For more information about network configuration refer to Network performance configuration options.

Delphix Engine <===> Target Host (Implement standard requirements for optimal NFS/ISCSI performance):
- Optimal physical network topology:
  - Low latency: <1ms for 8K packets.
  - Network adjacency: minimize network hops, co-locate in the same blade enclosure, co-locate on the same physical host.
  - Eliminate all Layer 3+ devices like firewalls, IDS, packet filters (Deep Packet Inspection - DPI).
  - Multiple switches can add latency and fragmentation, and reordering issues will add significant latency.
- Optimal throughput:
  - 10GbE physical uplinks or higher.
  - Jumbo frames (typically MTU 9000) improve network efficiency by lowering CPU and latency, and allowing greater throughput.
  - All devices end-to-end must be configured for the larger frame size including switches, routers, fabric interconnects, hypervisors, and servers.
- Optimal logical flow:
  - Disable QoS throttles limiting network utilization below line rate (e.g.
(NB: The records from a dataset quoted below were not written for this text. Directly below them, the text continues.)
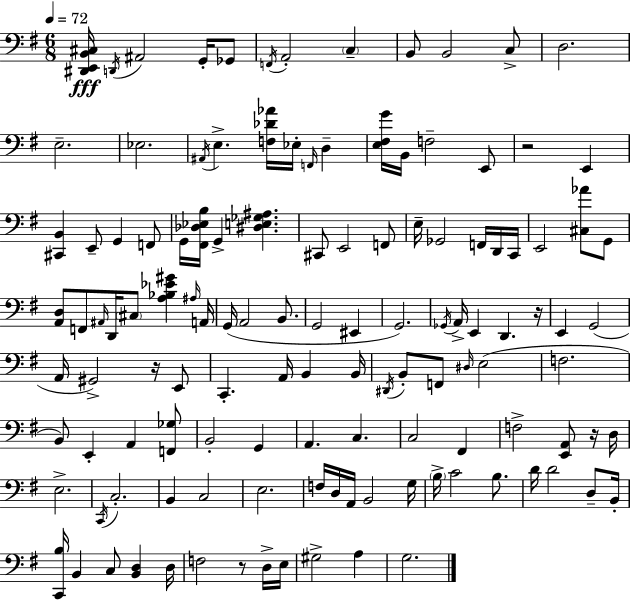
[D#2,E2,B2,C#3]/s D2/s A#2/h G2/s Gb2/e F2/s A2/h C3/q B2/e B2/h C3/e D3/h. E3/h. Eb3/h. A#2/s E3/q. [F3,Db4,Ab4]/s Eb3/s F2/s D3/q [E3,F#3,G4]/s B2/s F3/h E2/e R/h E2/q [C#2,B2]/q E2/e G2/q F2/e G2/s [F#2,Db3,Eb3,B3]/s G2/q [D#3,E3,Gb3,A#3]/q. C#2/e E2/h F2/e E3/s Gb2/h F2/s D2/s C2/s E2/h [C#3,Ab4]/e G2/e [A2,D3]/e F2/e A#2/s D2/s C#3/e [A3,Bb3,Eb4,G#4]/q A#3/s A2/s G2/s A2/h B2/e. G2/h EIS2/q G2/h. Gb2/s A2/s E2/q D2/q. R/s E2/q G2/h A2/s G#2/h R/s E2/e C2/q. A2/s B2/q B2/s D#2/s B2/e F2/e D#3/s E3/h F3/h. B2/e E2/q A2/q [F2,Gb3]/e B2/h G2/q A2/q. C3/q. C3/h F#2/q F3/h [E2,A2]/e R/s D3/s E3/h. C2/s C3/h. B2/q C3/h E3/h. F3/s D3/s A2/s B2/h G3/s B3/s C4/h B3/e. D4/s D4/h D3/e B2/s [C2,B3]/s B2/q C3/e [B2,D3]/q D3/s F3/h R/e D3/s E3/s G#3/h A3/q G3/h.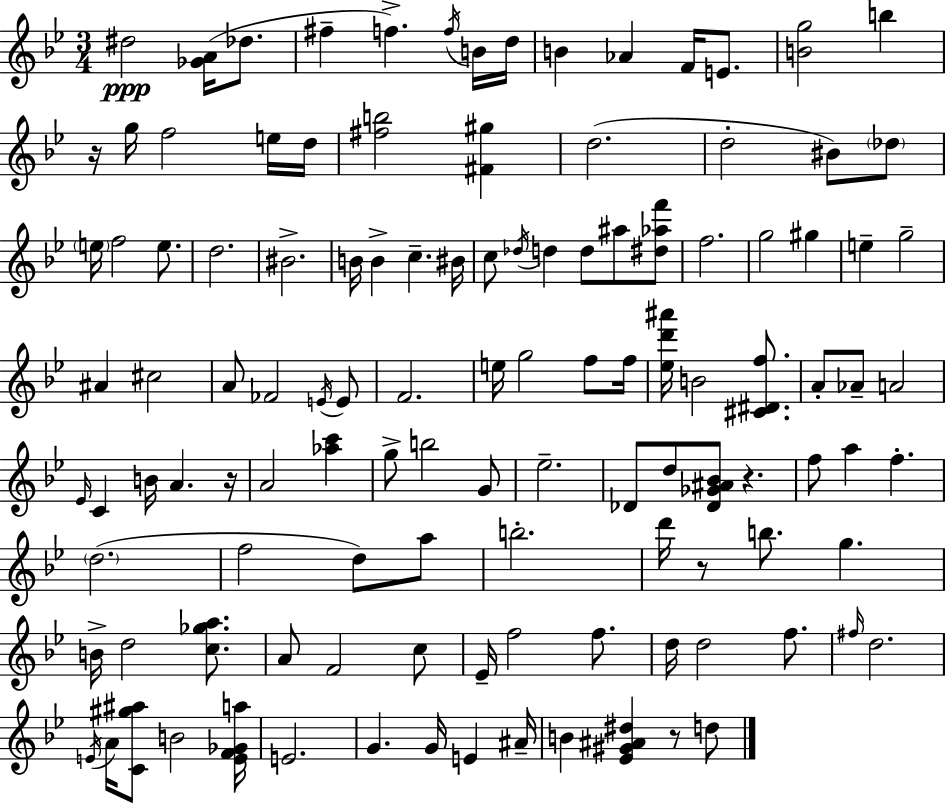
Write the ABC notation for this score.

X:1
T:Untitled
M:3/4
L:1/4
K:Bb
^d2 [_GA]/4 _d/2 ^f f f/4 B/4 d/4 B _A F/4 E/2 [Bg]2 b z/4 g/4 f2 e/4 d/4 [^fb]2 [^F^g] d2 d2 ^B/2 _d/2 e/4 f2 e/2 d2 ^B2 B/4 B c ^B/4 c/2 _d/4 d d/2 ^a/2 [^d_af']/2 f2 g2 ^g e g2 ^A ^c2 A/2 _F2 E/4 E/2 F2 e/4 g2 f/2 f/4 [_ed'^a']/4 B2 [^C^Df]/2 A/2 _A/2 A2 _E/4 C B/4 A z/4 A2 [_ac'] g/2 b2 G/2 _e2 _D/2 d/2 [_D_G^A_B]/2 z f/2 a f d2 f2 d/2 a/2 b2 d'/4 z/2 b/2 g B/4 d2 [c_ga]/2 A/2 F2 c/2 _E/4 f2 f/2 d/4 d2 f/2 ^f/4 d2 E/4 A/4 [C^g^a]/2 B2 [EF_Ga]/4 E2 G G/4 E ^A/4 B [_E^G^A^d] z/2 d/2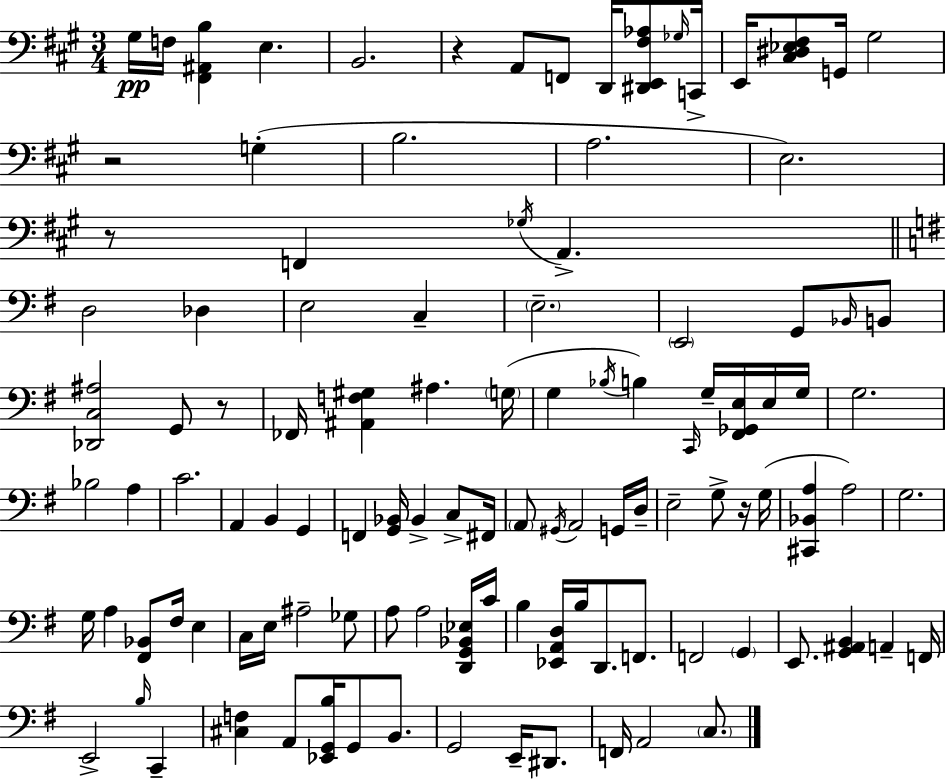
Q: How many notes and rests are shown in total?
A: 111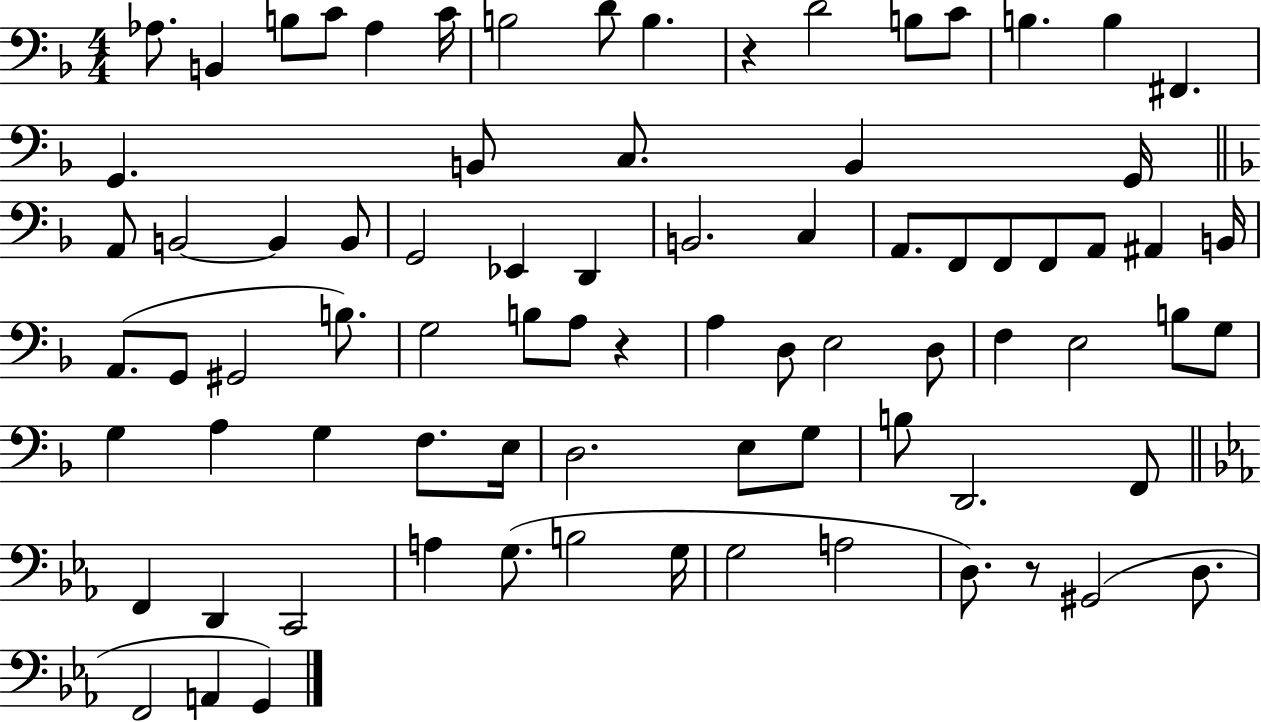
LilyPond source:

{
  \clef bass
  \numericTimeSignature
  \time 4/4
  \key f \major
  aes8. b,4 b8 c'8 aes4 c'16 | b2 d'8 b4. | r4 d'2 b8 c'8 | b4. b4 fis,4. | \break g,4. b,8 c8. b,4 g,16 | \bar "||" \break \key f \major a,8 b,2~~ b,4 b,8 | g,2 ees,4 d,4 | b,2. c4 | a,8. f,8 f,8 f,8 a,8 ais,4 b,16 | \break a,8.( g,8 gis,2 b8.) | g2 b8 a8 r4 | a4 d8 e2 d8 | f4 e2 b8 g8 | \break g4 a4 g4 f8. e16 | d2. e8 g8 | b8 d,2. f,8 | \bar "||" \break \key ees \major f,4 d,4 c,2 | a4 g8.( b2 g16 | g2 a2 | d8.) r8 gis,2( d8. | \break f,2 a,4 g,4) | \bar "|."
}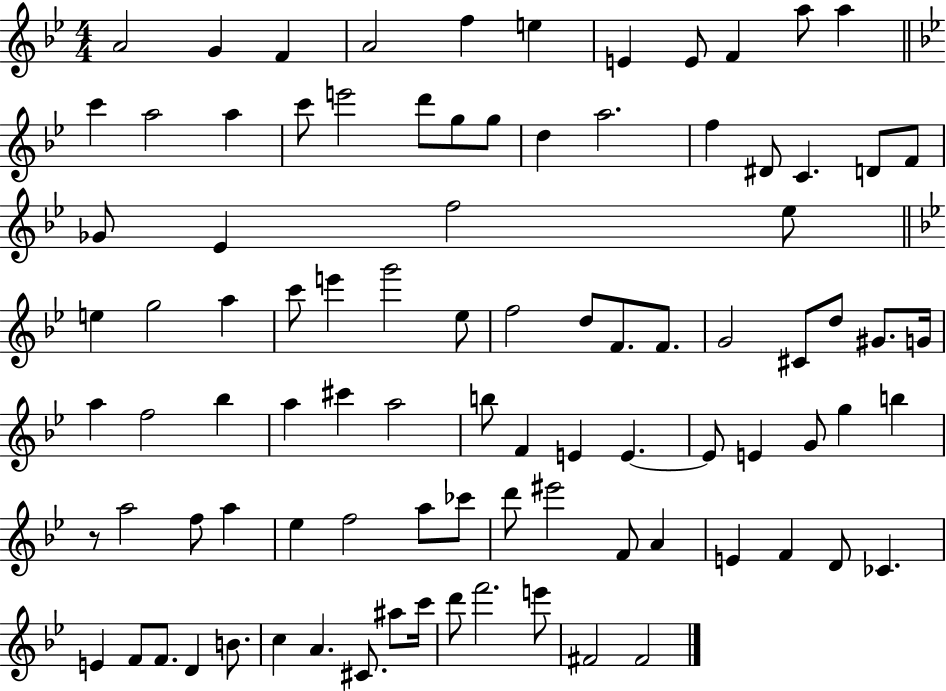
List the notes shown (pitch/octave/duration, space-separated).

A4/h G4/q F4/q A4/h F5/q E5/q E4/q E4/e F4/q A5/e A5/q C6/q A5/h A5/q C6/e E6/h D6/e G5/e G5/e D5/q A5/h. F5/q D#4/e C4/q. D4/e F4/e Gb4/e Eb4/q F5/h Eb5/e E5/q G5/h A5/q C6/e E6/q G6/h Eb5/e F5/h D5/e F4/e. F4/e. G4/h C#4/e D5/e G#4/e. G4/s A5/q F5/h Bb5/q A5/q C#6/q A5/h B5/e F4/q E4/q E4/q. E4/e E4/q G4/e G5/q B5/q R/e A5/h F5/e A5/q Eb5/q F5/h A5/e CES6/e D6/e EIS6/h F4/e A4/q E4/q F4/q D4/e CES4/q. E4/q F4/e F4/e. D4/q B4/e. C5/q A4/q. C#4/e. A#5/e C6/s D6/e F6/h. E6/e F#4/h F#4/h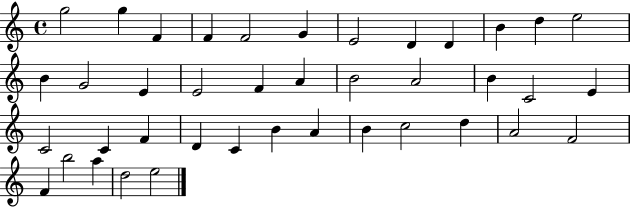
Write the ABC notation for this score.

X:1
T:Untitled
M:4/4
L:1/4
K:C
g2 g F F F2 G E2 D D B d e2 B G2 E E2 F A B2 A2 B C2 E C2 C F D C B A B c2 d A2 F2 F b2 a d2 e2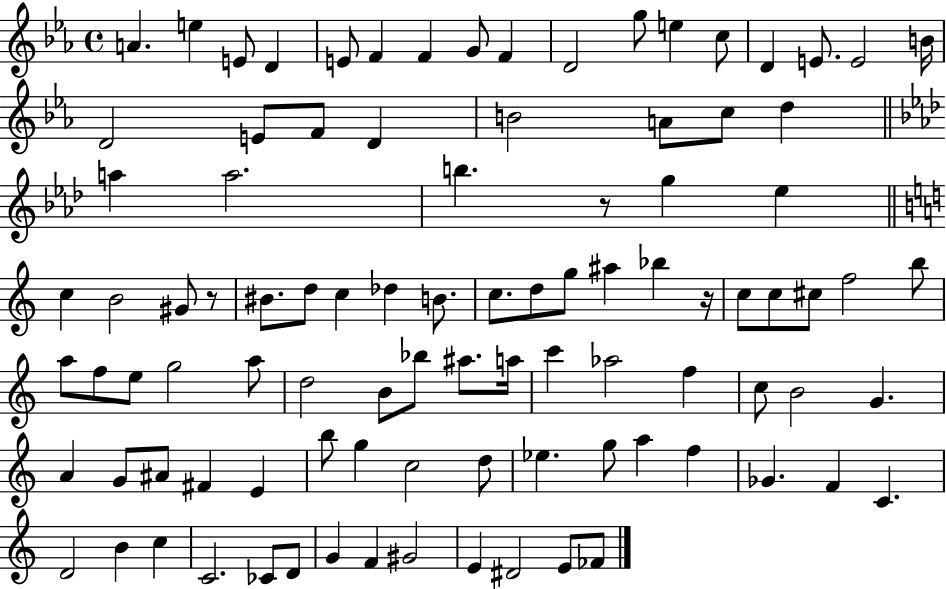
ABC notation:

X:1
T:Untitled
M:4/4
L:1/4
K:Eb
A e E/2 D E/2 F F G/2 F D2 g/2 e c/2 D E/2 E2 B/4 D2 E/2 F/2 D B2 A/2 c/2 d a a2 b z/2 g _e c B2 ^G/2 z/2 ^B/2 d/2 c _d B/2 c/2 d/2 g/2 ^a _b z/4 c/2 c/2 ^c/2 f2 b/2 a/2 f/2 e/2 g2 a/2 d2 B/2 _b/2 ^a/2 a/4 c' _a2 f c/2 B2 G A G/2 ^A/2 ^F E b/2 g c2 d/2 _e g/2 a f _G F C D2 B c C2 _C/2 D/2 G F ^G2 E ^D2 E/2 _F/2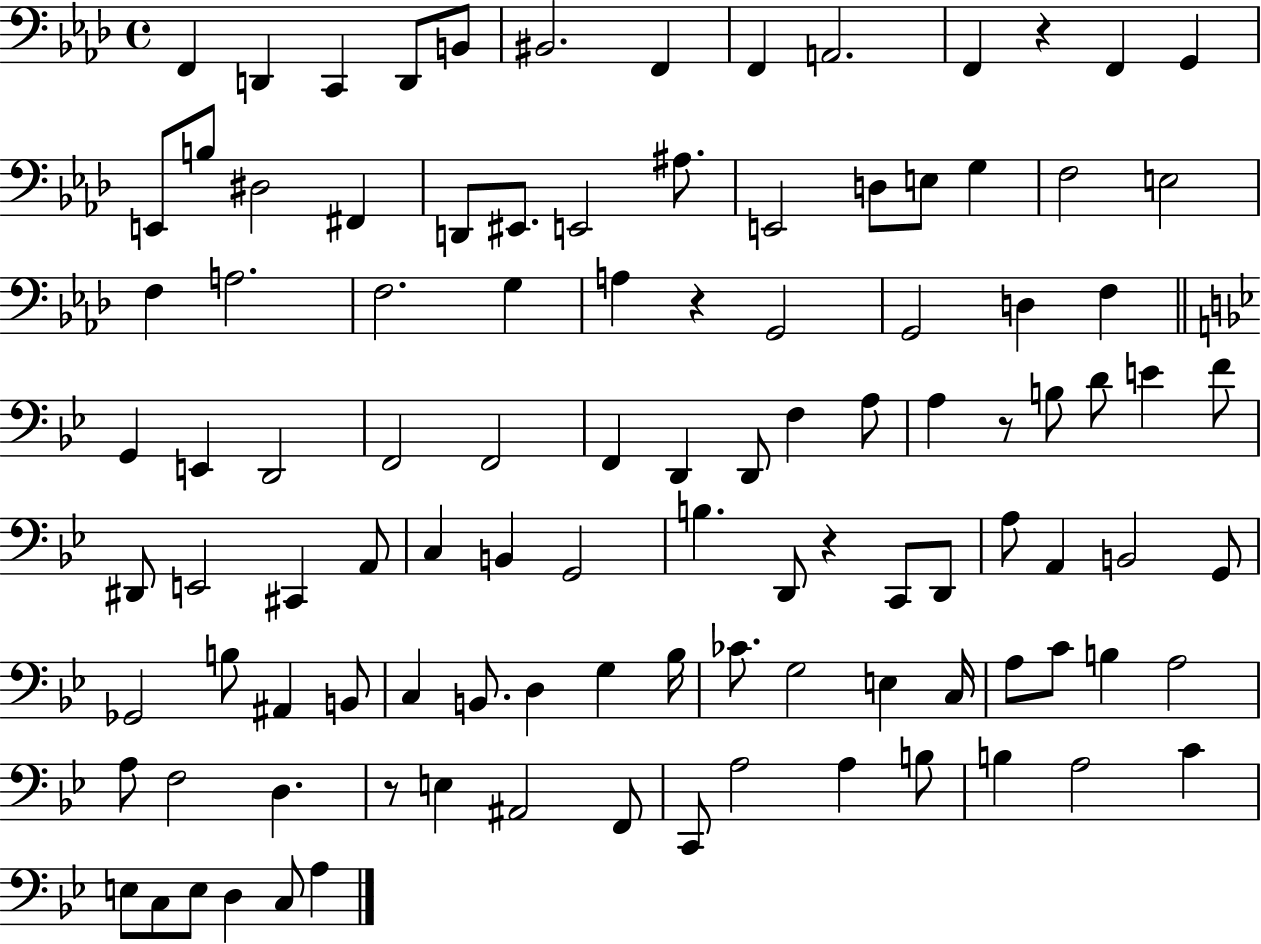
{
  \clef bass
  \time 4/4
  \defaultTimeSignature
  \key aes \major
  f,4 d,4 c,4 d,8 b,8 | bis,2. f,4 | f,4 a,2. | f,4 r4 f,4 g,4 | \break e,8 b8 dis2 fis,4 | d,8 eis,8. e,2 ais8. | e,2 d8 e8 g4 | f2 e2 | \break f4 a2. | f2. g4 | a4 r4 g,2 | g,2 d4 f4 | \break \bar "||" \break \key bes \major g,4 e,4 d,2 | f,2 f,2 | f,4 d,4 d,8 f4 a8 | a4 r8 b8 d'8 e'4 f'8 | \break dis,8 e,2 cis,4 a,8 | c4 b,4 g,2 | b4. d,8 r4 c,8 d,8 | a8 a,4 b,2 g,8 | \break ges,2 b8 ais,4 b,8 | c4 b,8. d4 g4 bes16 | ces'8. g2 e4 c16 | a8 c'8 b4 a2 | \break a8 f2 d4. | r8 e4 ais,2 f,8 | c,8 a2 a4 b8 | b4 a2 c'4 | \break e8 c8 e8 d4 c8 a4 | \bar "|."
}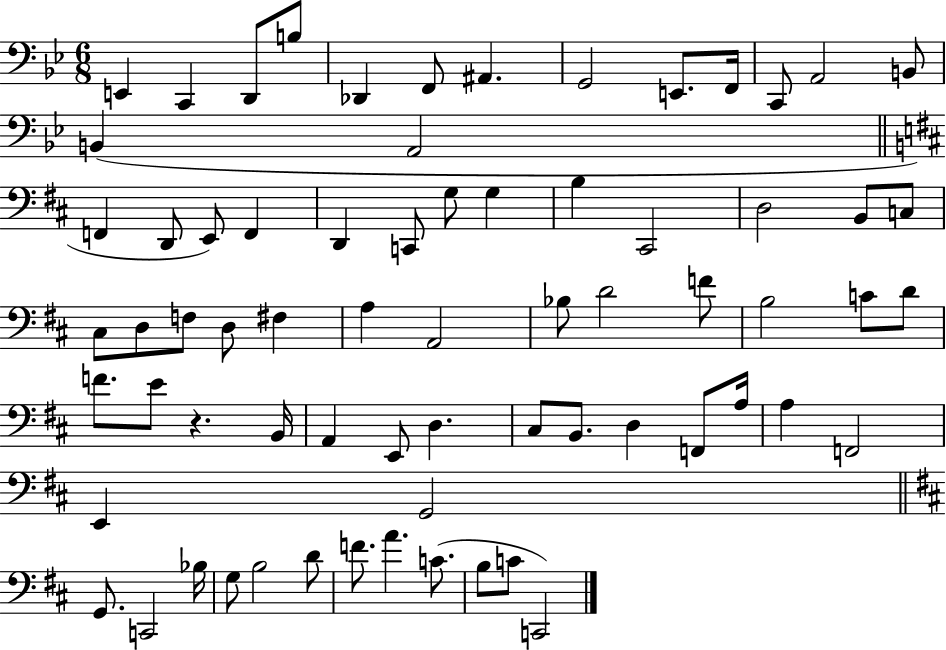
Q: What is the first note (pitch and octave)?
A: E2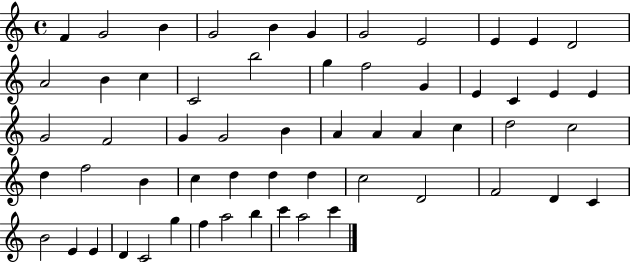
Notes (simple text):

F4/q G4/h B4/q G4/h B4/q G4/q G4/h E4/h E4/q E4/q D4/h A4/h B4/q C5/q C4/h B5/h G5/q F5/h G4/q E4/q C4/q E4/q E4/q G4/h F4/h G4/q G4/h B4/q A4/q A4/q A4/q C5/q D5/h C5/h D5/q F5/h B4/q C5/q D5/q D5/q D5/q C5/h D4/h F4/h D4/q C4/q B4/h E4/q E4/q D4/q C4/h G5/q F5/q A5/h B5/q C6/q A5/h C6/q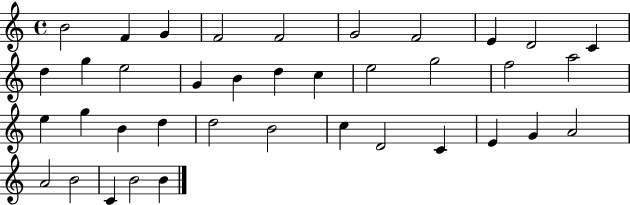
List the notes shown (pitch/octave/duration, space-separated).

B4/h F4/q G4/q F4/h F4/h G4/h F4/h E4/q D4/h C4/q D5/q G5/q E5/h G4/q B4/q D5/q C5/q E5/h G5/h F5/h A5/h E5/q G5/q B4/q D5/q D5/h B4/h C5/q D4/h C4/q E4/q G4/q A4/h A4/h B4/h C4/q B4/h B4/q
HP Virtual Connect FlexFabric).
  - Consider a dedicated VLAN (with jumbo frames) for NFS/iSCSI traffic.
    - VMware KB-Configuring iSCSI port binding with multiple NICs in one vSwitch for VMware ESXi 6.0.x
    - VMware KB-Considerations for using software iSCSI port binding in ESX/ESXi
- NIC Teaming (at ESX layer) of multiple physical uplinks can provide additional throughput for higher workloads.
  - Examples: 4x1Gb NICs support up to 400 MBPS IO, 2x10Gb NICs support up to 2GBPS IO.
  - VMware KB-1004088 has NIC teaming recommendations, including route- based-on-IP-hash policy.
  - VMware KB-1001938 has host requirements for physical link aggregation (LACP, EtherChannel).
  - VMware KB-1007371 and this popular blog post details problems with NIC selection using dest-IP hash.
- Fragmentation and dropped packets can result in excessive retransmissions of data, reducing throughput.
- Jumbo frames check via ping:
  - Delphix Engine
    $ ping -D -s [Target_IP] 8000
    - "ICMP Fragmentation needed and DF set from gateway" indicates MTU < 8028
  - Linux
    $ ping -M do -s 8000 [Delphix_Engine_IP]
    - "Frag needed and DF set (mtu = xxxx)" indicates MTU < 8028
  - MacOS
    ping -D -s 8000 [Delphix_Engine_IP]
    - sudo sysctl -w net.inet.raw.maxdgram=16384 will increase the max ICMP datagram size on Mac, allowing you to use -s 9000 on MacOS.
  - Windows
    ping -f -l 8000 [Delphix_Engine_IP]
    - http://www.mylesgray.com/hardware/test-jumbo-frames-working/
- Measure network bandwidth and latency:
  - Latency in both directions should be < 1ms for an 8KB payload.
  - Network Hops should be minimized: traceroute (Unix/Linux) / tracert (windows).
  - Throughput in both directions: 50-100 MB/s on 1 GbE, 500-1000 MB/s on 10 GbE physical link.
- NIC should use Auto-negotiate on Ethernet with a minimum of 1000Mbps. 
  - Hard setting speed/duplex will limit network throughput below the line rate.
Delphix <===> Staging Server (SQL Server, Sybase):
- Measure latency, bandwidth for transaction log restore performance
Source <===> Delphix:
- Measure latency, bandwidth for snapsync performance
ESX host <===> ESX host (ESX Cluster):
- Measure latency, bandwidth for cluster operations; e.g. vMotion.
- The Delphix Engine uses the bulk of available RAM as a read cache for frequently accessed filesystem data. This cache is updated as I/O occurs on the Delphix Engine. Due to this, live vMotion of a Delphix Engine may take exceedingly long or may fail in the case that the engine receives more I/O than the vMotion network can sustain.
  - This is because the entire memory footprint of the Delphix VM (more precisely, the entire address space of the ESX processes that comprise the VM) must be copied to the receiving ESX host, along with all changes to that address space as they happen.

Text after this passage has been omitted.